BEIRUT (AP) — Hamas said Tuesday that it gave mediators its reply to the U.S.-backed proposal for a cease-fire in Gaza, seeking some “amendments” on the deal. It appeared the reply was short of an outright acceptance that the United States has been pushing for but kept negotiations alive over an elusive halt to the eight-month war.

The foreign ministries of Qatar and Egypt — who have been key mediators alongside the United States — confirmed that they had received Hamas’ response and said mediators were studying it.

“We’re in receipt of this reply that Hamas delivered to Qatar and to Egypt, and we are evaluating it right now,” White House national security spokesman John Kirby told reporters in Washington.

Hamas spokesman Jihad Taha said the response included “amendments that confirm the cease-fire, withdrawal, reconstruction and (prisoner) exchange.” Taha did not elaborate.

But while supporting the broad outlines of the deal, Hamas officials have expressed wariness over whether Israel would implement its terms, particularly provisions for an eventual permanent end to fighting and full Israeli withdrawal from Gaza in return for the release of all hostages held by the militants.

Even as the U.S. has said Israel accepted the proposal, Israeli Prime Minister Benjamin Netanyahu has given conflicting signals, saying Israel will not stop until its its goal of destroying Hamas is achieved.

U.S. Secretary of State Antony Blinken has been in the region this week trying to push through the deal — his eighth visit since Hamas’ Oct. 7 attack on southern Israel ignited Israel’s campaign in Gaza. On Tuesday, he continued pressure on Hamas to accept the proposal, saying that the U.N. Security Council’s vote in its favor made it “as clear as it possibly could be” that the world supports the plan.

“Everyone’s vote is in, except for one vote, and that’s Hamas,” Blinken told reporters in Tel Aviv after meeting with Israeli officials, hours before Hamas announced its reply. He said Netanyahu had reaffirmed his commitment to the proposal when they met late Monday.

In a joint statement announcing that they had submitted their reply to Qatar and Egypt, Hamas and the smaller Islamic Jihad militant group said they were ready to “deal positively to arrive at an agreement” and that their priority is to bring a “complete stop” to the war. A senior Hamas official, Osama Hamdan, told Lebanon’s Al-Mayadeen television that the group had “submitted some remarks on the proposal to the mediators,” without elaborating.

The proposal has raised hopes of ending an 8-month conflict in which Israel’s bombardment and ground offensives in Gaza have killed over 37,000 Palestinians, according to Palestinian health officials, and driven some 80% of the population of 2.3 million from their homes.

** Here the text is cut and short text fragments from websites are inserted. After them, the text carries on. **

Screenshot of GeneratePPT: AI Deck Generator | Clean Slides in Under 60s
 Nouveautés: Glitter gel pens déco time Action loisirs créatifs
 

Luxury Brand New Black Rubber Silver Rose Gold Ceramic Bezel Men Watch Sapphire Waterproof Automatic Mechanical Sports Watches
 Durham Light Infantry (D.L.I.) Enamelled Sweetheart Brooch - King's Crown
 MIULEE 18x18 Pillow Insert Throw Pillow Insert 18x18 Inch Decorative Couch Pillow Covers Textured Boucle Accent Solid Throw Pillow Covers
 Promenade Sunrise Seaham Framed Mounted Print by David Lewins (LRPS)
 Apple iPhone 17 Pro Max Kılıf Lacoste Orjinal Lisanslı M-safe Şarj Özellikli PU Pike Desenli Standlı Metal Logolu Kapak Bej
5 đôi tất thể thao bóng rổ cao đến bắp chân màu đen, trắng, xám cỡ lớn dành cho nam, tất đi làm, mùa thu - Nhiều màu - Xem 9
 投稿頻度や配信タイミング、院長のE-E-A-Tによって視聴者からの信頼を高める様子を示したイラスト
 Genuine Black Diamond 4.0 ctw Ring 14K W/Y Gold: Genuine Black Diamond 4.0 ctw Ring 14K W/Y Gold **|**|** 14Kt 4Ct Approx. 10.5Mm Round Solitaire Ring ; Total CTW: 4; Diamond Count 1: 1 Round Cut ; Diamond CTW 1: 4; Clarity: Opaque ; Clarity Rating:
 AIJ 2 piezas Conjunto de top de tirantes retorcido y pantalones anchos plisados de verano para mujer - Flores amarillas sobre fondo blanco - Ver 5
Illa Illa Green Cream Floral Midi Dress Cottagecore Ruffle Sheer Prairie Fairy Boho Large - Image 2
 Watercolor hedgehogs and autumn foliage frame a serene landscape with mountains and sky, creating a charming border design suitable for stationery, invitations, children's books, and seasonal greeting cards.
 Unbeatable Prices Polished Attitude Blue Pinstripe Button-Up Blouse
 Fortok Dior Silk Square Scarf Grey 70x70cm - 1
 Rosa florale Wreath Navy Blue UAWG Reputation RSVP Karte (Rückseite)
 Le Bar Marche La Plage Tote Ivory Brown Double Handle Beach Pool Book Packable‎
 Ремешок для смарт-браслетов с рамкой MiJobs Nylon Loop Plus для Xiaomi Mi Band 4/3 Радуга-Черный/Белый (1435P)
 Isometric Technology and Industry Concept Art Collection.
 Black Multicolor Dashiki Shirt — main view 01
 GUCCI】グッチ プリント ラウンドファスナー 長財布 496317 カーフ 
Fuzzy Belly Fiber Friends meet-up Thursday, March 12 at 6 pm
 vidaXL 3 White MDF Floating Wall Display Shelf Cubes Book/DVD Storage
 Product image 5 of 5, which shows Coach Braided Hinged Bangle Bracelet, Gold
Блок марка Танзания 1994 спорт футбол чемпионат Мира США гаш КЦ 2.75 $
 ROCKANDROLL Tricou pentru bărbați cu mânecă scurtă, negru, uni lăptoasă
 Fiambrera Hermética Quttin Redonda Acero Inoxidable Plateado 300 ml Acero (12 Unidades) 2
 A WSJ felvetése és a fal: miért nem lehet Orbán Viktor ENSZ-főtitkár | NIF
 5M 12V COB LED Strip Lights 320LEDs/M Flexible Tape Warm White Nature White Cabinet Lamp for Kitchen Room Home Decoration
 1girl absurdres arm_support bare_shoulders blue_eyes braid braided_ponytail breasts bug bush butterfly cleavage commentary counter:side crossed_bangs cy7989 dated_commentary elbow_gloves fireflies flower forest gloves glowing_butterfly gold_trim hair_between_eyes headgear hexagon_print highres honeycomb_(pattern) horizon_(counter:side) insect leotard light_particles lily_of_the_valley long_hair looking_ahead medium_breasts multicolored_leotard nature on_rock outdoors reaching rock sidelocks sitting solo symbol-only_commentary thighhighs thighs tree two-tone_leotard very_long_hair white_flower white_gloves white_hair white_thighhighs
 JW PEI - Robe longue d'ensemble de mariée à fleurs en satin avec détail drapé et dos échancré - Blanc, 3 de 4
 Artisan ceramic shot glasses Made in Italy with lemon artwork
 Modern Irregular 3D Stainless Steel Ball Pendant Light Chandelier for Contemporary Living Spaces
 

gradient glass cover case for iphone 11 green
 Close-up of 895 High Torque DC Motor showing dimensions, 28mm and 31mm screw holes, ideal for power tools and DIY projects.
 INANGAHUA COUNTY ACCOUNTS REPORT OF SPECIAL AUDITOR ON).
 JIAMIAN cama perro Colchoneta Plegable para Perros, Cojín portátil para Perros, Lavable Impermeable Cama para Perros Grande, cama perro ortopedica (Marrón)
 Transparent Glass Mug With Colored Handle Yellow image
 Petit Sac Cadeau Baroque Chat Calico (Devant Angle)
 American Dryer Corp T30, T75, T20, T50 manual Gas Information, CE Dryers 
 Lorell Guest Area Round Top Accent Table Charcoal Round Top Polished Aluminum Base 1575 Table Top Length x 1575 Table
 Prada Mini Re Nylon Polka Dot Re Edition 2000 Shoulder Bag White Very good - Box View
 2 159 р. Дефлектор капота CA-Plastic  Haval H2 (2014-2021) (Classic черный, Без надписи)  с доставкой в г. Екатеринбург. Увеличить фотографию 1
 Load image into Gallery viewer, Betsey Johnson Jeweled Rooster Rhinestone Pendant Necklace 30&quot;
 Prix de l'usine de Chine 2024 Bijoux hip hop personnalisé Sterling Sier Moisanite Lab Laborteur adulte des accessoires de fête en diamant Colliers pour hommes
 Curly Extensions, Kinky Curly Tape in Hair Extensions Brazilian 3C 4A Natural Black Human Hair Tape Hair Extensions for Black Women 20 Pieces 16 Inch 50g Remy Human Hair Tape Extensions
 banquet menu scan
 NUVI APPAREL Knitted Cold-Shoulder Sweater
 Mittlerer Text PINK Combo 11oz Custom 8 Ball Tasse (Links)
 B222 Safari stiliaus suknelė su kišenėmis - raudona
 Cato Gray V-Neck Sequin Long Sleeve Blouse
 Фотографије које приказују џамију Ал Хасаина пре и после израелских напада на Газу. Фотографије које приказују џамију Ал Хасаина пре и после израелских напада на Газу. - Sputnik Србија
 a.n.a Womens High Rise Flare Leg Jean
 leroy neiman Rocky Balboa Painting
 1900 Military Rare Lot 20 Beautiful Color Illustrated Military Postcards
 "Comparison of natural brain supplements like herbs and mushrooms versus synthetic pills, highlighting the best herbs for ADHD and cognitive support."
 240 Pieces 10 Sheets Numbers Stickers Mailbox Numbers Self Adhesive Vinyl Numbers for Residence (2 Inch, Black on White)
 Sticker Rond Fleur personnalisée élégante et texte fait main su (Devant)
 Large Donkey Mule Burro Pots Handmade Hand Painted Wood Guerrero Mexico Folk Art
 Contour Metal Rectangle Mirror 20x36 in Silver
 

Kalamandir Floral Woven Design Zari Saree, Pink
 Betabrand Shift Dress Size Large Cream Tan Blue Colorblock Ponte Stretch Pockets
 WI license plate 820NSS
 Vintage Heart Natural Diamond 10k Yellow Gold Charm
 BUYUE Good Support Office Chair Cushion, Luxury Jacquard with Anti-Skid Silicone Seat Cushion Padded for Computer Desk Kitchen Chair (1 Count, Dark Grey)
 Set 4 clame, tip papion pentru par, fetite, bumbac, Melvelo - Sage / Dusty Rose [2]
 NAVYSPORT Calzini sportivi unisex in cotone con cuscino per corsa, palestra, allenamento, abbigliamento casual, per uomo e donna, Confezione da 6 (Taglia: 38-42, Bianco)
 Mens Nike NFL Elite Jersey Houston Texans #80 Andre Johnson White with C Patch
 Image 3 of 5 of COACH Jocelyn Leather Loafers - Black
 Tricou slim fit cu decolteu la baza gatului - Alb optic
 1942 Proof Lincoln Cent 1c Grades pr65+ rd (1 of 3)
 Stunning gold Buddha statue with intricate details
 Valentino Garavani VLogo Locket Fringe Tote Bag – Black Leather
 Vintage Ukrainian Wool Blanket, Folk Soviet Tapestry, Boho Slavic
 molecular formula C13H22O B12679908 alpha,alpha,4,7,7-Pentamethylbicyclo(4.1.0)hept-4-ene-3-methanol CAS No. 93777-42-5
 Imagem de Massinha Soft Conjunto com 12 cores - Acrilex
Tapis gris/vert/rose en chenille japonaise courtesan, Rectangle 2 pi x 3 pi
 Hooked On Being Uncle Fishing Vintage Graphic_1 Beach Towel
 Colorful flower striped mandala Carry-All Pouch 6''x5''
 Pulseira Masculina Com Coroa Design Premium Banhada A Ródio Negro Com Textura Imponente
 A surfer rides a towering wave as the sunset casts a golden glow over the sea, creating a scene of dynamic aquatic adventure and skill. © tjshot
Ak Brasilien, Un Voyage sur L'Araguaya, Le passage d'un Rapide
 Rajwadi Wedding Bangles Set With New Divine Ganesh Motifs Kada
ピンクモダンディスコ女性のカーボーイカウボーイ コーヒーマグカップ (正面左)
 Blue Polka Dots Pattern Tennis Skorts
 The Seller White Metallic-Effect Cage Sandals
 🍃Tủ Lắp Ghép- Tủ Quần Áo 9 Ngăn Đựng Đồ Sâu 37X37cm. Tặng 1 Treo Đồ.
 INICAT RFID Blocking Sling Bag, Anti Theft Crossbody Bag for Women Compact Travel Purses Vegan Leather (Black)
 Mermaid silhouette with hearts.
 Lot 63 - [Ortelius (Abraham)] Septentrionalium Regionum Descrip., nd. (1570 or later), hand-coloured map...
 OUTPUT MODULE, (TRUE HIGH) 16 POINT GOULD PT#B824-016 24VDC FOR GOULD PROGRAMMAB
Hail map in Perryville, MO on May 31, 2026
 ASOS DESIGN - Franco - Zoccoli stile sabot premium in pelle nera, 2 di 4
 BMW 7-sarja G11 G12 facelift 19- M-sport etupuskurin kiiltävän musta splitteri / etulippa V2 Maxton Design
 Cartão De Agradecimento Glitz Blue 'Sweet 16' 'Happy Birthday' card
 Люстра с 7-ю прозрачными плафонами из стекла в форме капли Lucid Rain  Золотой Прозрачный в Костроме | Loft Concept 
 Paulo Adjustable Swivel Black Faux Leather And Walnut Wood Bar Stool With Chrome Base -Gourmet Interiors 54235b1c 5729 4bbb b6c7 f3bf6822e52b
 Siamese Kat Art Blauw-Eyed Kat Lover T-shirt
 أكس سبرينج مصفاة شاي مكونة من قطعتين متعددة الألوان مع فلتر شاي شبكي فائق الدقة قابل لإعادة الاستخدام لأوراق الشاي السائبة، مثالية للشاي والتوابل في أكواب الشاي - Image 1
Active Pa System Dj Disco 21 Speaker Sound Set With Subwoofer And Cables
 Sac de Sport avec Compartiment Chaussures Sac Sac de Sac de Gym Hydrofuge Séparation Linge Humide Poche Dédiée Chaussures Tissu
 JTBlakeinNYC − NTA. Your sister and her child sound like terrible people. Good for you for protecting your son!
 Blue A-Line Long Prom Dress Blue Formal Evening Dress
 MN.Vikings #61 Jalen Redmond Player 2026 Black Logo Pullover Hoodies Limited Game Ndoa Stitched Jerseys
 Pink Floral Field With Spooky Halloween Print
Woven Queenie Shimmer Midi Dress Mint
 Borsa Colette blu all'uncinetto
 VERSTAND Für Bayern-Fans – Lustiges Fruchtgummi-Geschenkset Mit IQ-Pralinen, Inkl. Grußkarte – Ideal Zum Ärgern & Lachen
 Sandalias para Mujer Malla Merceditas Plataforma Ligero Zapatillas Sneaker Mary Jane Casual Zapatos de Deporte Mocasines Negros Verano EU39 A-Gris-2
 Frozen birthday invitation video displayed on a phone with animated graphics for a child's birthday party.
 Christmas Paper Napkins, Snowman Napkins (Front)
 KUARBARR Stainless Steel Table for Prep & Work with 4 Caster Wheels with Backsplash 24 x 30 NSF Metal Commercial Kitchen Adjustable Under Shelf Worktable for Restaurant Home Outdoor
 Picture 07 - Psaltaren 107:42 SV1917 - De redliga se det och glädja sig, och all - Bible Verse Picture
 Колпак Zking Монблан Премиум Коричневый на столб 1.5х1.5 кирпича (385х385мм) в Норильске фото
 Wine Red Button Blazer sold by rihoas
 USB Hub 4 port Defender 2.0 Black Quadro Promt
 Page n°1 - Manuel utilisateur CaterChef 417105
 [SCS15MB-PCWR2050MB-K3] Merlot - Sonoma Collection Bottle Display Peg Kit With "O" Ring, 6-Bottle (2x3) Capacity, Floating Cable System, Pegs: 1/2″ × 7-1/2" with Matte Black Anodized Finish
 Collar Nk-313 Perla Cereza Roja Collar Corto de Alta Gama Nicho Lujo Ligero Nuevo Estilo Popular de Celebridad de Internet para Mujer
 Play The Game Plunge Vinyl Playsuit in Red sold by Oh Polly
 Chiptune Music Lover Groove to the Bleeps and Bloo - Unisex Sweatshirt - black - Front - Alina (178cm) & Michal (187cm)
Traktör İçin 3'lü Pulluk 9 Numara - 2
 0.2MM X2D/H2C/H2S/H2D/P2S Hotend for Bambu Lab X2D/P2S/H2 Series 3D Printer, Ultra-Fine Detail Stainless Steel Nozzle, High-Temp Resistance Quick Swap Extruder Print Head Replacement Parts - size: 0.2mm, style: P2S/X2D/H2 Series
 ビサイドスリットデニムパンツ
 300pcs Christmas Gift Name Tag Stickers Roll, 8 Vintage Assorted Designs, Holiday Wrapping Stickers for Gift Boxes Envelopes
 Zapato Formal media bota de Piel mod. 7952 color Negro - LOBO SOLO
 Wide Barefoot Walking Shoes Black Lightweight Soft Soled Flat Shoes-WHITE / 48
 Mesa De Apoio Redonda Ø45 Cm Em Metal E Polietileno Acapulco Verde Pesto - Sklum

Israeli restrictions and ongoing fighting have hindered efforts to bring humanitarian aid to the isolated coastal enclave, fueling widespread hunger.

Israel launched its campaign, vowing to eliminate Hamas, after the group and other militants stormed into Israel on Oct. 7, killing some 1,200 people, mostly civilians, and taking around 250 hostage. Over 100 hostages were released during a weeklong cease-fire last year in exchange for Palestinians imprisoned by Israel.

Later Tuesday, Blinken attended a Gaza aid conference in Jordan, where he announced over $400 million in additional aid for Palestinians in Gaza and the wider region, bringing the total U.S. assistance to more than $674 million over the past eight months.

U.N. Secretary-General António Guterres told the gathering that the amount of aid flowing to the United Nations in Gaza for distribution has plummeted by two-thirds since Israel launched an offensive in the territory’s southern city of Rafah in early May.

Guterres called for all border crossings to be opened, saying, “the speed and scale of the carnage and killing in Gaza” is beyond anything he has since he took the helm of the U.N. in 2017.

In a separate development, the U.N. human rights office said Israeli forces and Palestinian militants may have committed war crimes during the deadly Israeli raid that rescued four hostages over the weekend. At least 274 Palestinians were killed in the operation, according to Gaza’s Health Ministry.

Blinken, who was in Cairo on Monday, was also expected to visit Qatar — where talks would likely focus on the next steps in the push for a deal.

On Monday, the U.N. Security Council voted overwhelmingly to approve the proposal, with 14 of the 15 members voting in favor and Russia abstaining. The resolution calls on Israel and Hamas “to fully implement its terms without delay and…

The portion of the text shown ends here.